We, thus, became the poorest, the most illiterate, the most backwards, the most unhealthy, the most un-enlightened, the most deprived and weakest of all human race. The Islamic world slipped into an abyss of darkness.
Mahathir thus proposes a framework of action consisting of thinking and acquisition of knowledge for the Muslim world particularly the youths. Knowledge which he a stresses has a scope beyond the theological knowledge, something which today’s Muslim scholars have come to define as the only knowledge relevant for the Muslims.

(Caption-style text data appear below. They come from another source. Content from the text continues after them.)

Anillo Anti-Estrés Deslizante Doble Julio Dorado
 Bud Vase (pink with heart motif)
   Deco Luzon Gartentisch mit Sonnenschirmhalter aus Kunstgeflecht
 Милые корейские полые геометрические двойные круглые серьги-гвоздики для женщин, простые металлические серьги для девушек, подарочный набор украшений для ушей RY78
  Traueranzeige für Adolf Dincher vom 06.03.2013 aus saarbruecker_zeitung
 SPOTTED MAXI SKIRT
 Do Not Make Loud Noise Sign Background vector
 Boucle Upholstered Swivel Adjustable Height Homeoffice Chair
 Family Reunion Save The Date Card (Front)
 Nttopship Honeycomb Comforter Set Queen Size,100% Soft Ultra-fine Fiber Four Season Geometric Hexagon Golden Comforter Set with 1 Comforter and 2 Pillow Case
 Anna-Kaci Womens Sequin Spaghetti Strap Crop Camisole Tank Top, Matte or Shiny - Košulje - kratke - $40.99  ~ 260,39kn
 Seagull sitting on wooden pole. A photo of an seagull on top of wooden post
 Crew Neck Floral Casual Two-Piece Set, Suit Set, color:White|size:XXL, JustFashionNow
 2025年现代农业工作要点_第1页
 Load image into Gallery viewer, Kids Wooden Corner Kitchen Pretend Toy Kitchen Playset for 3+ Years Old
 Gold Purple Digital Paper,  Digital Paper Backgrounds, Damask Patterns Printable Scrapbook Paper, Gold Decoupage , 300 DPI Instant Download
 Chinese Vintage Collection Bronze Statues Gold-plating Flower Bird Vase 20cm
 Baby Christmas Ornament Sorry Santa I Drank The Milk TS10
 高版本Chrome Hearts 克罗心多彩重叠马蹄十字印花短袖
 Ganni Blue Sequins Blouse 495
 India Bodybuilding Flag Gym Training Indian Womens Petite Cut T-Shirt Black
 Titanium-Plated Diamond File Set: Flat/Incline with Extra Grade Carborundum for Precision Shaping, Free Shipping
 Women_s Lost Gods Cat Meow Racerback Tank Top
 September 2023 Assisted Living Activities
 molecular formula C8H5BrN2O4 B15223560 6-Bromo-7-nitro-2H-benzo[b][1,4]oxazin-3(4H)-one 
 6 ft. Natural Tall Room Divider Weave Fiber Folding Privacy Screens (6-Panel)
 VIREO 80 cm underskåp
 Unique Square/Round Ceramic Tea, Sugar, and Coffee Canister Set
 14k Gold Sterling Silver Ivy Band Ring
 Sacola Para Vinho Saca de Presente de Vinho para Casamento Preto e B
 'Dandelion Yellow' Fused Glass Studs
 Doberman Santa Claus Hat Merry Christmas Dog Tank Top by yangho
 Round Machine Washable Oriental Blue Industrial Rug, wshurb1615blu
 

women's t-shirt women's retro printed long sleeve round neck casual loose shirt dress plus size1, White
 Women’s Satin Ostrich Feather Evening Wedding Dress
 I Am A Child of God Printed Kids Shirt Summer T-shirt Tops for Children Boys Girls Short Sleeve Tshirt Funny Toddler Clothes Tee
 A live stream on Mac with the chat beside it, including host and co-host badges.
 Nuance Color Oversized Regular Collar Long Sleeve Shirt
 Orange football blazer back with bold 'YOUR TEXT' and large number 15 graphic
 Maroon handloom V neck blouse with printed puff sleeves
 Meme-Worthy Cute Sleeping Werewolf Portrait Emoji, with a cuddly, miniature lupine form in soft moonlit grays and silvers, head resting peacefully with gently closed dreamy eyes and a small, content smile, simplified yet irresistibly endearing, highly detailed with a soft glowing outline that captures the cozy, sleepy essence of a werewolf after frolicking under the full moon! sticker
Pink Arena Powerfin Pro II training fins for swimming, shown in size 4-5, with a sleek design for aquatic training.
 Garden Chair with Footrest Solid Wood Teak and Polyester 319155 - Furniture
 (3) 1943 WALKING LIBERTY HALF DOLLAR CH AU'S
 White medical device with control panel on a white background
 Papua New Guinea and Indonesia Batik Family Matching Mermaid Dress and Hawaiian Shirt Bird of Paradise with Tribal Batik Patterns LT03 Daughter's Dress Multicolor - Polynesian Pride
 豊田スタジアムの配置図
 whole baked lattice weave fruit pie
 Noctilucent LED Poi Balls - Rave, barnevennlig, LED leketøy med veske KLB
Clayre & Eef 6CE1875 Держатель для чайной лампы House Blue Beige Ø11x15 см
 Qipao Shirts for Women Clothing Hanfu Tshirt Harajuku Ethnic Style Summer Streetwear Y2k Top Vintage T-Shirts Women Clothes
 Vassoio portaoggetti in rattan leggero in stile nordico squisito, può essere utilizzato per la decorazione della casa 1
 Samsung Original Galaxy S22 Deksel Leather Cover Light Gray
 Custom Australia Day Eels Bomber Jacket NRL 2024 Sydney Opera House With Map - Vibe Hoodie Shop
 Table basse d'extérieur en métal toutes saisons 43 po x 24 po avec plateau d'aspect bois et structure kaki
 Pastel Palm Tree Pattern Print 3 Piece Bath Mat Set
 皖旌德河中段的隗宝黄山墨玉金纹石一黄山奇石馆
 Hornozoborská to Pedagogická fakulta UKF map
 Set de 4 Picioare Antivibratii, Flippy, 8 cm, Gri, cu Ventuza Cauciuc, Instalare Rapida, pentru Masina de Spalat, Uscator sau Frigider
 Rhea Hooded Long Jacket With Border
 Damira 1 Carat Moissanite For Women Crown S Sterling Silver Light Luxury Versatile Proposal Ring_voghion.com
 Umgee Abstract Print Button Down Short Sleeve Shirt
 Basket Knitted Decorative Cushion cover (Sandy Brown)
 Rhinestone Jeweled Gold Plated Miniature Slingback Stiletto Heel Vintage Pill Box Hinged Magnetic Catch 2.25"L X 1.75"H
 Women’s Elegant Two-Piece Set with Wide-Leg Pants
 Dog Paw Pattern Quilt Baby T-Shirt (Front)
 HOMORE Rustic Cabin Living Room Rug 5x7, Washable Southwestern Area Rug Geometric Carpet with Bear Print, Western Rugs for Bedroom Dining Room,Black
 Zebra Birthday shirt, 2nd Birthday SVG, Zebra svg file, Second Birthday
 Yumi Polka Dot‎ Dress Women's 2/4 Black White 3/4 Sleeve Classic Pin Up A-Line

In this context it is important to note that the contemporary body of human knowledge which many of us see as Western and alien is not the special possession of the Europe and the US. Muslims and others equally have a right over them. It is fact that much of this corpus of knowledge was built during Renaissance and thereafter in Europe and America, but this process of large scale knowledge building took off on the works done by the Arabs, the Indians and the Chinese. One small example for instance is the term algorithm which comes from the name of the 9th century Muslim mathematician and the term Algebra which derives from his Arabic mathematical treaties Al Jabar wa-al-Muqabilab.
In the above proposition lies the future of the Muslims. Power comes from knowledge, spirituality, and technology, we should not act as brainless buffoon. In the history of humankind those who did not stop learning and believing have prevailed. Those who acted foolishly perished. Not until we think and rediscover this we will continue to suffer hugely in terms of precious man and material resources. Is the Muslim youth listening?